Later in the car, on the way to Robert's house, Frederick tried to make light of his illness. Snow fell in cotton-ball bursts from the sky. The streets were icing over. Robert's windshield wipers barely moved; he couldn't see the curves ahead. Frederick suggested they park the car and take a cab. “We don't want to be badly killed,” he said.

______

Robert didn't hear his father's final words, but a doctor later repeated for him Frederick's last coherent sentence. He'd been given a series of disorienting drugs for his pain. The doctors kept asking him, “Do you know where you are? Mr. Becker?”

Softly, and as gently ironic as ever, Frederick answered, “I'm in the lobby of Heaven.” Then he'd closed his eyes against the color of the light.

______

“Nice buttocks, don't you think?” Frederick is pointing across the central square of Almost-Barcelona. “That woman over there by the lamppost, trying to hail a taxi.”

“Very nice, yes.”

“She
could be a model.”

“What do you mean?”

“I mean if you insist on painting –” His lips curled. “People.”

“Can we not discuss my career?” Robert says.

“Not going well, is it?”

“Not at the moment, no.”

“Perhaps if you took more risks.”

“Precisely what the marketplace won't tolerate.”

“Balls to the marketplace.” Frederick raises his voice. “I'm talking about –”

“I know. The cause of art. The cause of art doesn't feed me.”

“Spiritually or otherwise?”

“You know what I mean.”

Frederick wipes his lips with a gold serviette. “So you've taken on graphic design?”

“Temporarily. It helps pay the bills.”

“I left you a tidy sum.”

Robert laughs. “All tied up in the courts right now.
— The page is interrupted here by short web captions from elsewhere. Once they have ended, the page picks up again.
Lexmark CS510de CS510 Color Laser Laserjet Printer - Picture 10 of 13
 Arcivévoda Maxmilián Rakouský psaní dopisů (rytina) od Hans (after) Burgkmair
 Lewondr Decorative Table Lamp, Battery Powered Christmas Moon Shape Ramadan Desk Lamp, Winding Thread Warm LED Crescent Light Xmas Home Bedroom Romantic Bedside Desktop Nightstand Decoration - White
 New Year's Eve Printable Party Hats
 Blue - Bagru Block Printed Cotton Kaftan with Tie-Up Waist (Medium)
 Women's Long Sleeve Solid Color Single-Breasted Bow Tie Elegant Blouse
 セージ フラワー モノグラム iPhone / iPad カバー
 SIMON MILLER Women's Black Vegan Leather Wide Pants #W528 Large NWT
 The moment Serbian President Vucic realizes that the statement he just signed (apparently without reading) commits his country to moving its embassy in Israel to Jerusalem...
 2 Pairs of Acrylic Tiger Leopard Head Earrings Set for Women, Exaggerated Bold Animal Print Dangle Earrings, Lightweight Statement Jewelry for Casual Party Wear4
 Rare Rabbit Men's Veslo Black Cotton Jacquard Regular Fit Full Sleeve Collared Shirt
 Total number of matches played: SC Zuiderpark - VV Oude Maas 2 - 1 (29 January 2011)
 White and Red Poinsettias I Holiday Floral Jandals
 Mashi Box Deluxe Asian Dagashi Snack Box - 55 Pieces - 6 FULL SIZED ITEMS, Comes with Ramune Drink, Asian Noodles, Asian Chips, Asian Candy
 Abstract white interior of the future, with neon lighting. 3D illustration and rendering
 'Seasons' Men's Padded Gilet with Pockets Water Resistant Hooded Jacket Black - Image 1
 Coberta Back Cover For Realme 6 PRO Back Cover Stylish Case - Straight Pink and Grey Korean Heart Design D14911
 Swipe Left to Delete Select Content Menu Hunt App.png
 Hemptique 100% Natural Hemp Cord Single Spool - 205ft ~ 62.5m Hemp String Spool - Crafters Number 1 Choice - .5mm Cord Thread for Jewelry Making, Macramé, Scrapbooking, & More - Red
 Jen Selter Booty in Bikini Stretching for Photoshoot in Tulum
Your dealer, your former dealer, the dealer before that – they each want a piece.”

“I see. And you blame me?”

Robert pours more wine.

“Oh hell,” Frederick says. “You're not going to be so tiresome as to be angry at me for dying on you?”

No, Robert thinks. I'm furious at the fact of your birth.

Frederick winces.

“I'm sorry,” Robert says. “I didn't mean that.”

“The truth will out.”

“I
am
a bit pissed –”

“Only a bit?”

Robert swivels his shoulders. The tension there cracks. “When Mother died I could've used a little help. She had medical bills up to here –”

“Your mother didn't want my help.”

“Oh?”

“She knew where I was. She could've called me.”

“She'd never do that. Dignity was all she had at the end.”

Frederick shrugs.

“When
you
died, Fay and the others wouldn't have anything to do with the arrangements –”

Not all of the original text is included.